Tan Dun | The First Emperor
Metropolitan Opera Orchestra and Chorus conducted by Tan Dun

EMI Classics 5099921512995 • www.emiclassics.com

This tremendous production offers much to enjoy. First off, there are no silly plot elements about aristocratic brothers and sisters cross-dressing and disguised as servants who fall in love with each other. The plot is simple and circles around the strong willed person who unified China and built the Wall at the cost of crushing the life out of his people and everyone close to him. His single desire in the portion of history shown in this opera is to get an anthem written that will glorify his deed. Placido Domingo convincingly plays the emperor whose deeds inspire terror as well as pity. In an ironic ending, the anthem turns out to be the death-longing song of the slaves who built the wall.

As spectacle, this production is awesome.
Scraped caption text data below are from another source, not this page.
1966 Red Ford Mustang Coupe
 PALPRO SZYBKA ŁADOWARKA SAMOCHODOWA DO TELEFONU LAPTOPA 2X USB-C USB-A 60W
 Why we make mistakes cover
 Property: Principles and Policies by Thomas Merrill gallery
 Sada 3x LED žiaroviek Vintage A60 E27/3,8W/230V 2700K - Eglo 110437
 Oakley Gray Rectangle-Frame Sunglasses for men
It combines the values of Peking and Western operas. The set by Fan Yue, a staircase with more than 600 huge stone blocks hanging from ropes ingeniously lit to suggest either the great wall or the imperial palace fascinates with its originality. The 400 costumes designed by Oscar winning Emi Wada are magnificent. In fact, the visuals all push the imagination well beyond its limits. Chief among the other exotic pleasures are the singing and dancing of Wu Hsing-Kuo as the literally two-faced Yin-Yang Master, and Dou Dou Huang the principal male dancer. Safe to say you have never seen anything like it this side of a Peking Opera. Also, the close-ups of Qi Yao, the zheng player, fascinate with her dexterity and dramatic style.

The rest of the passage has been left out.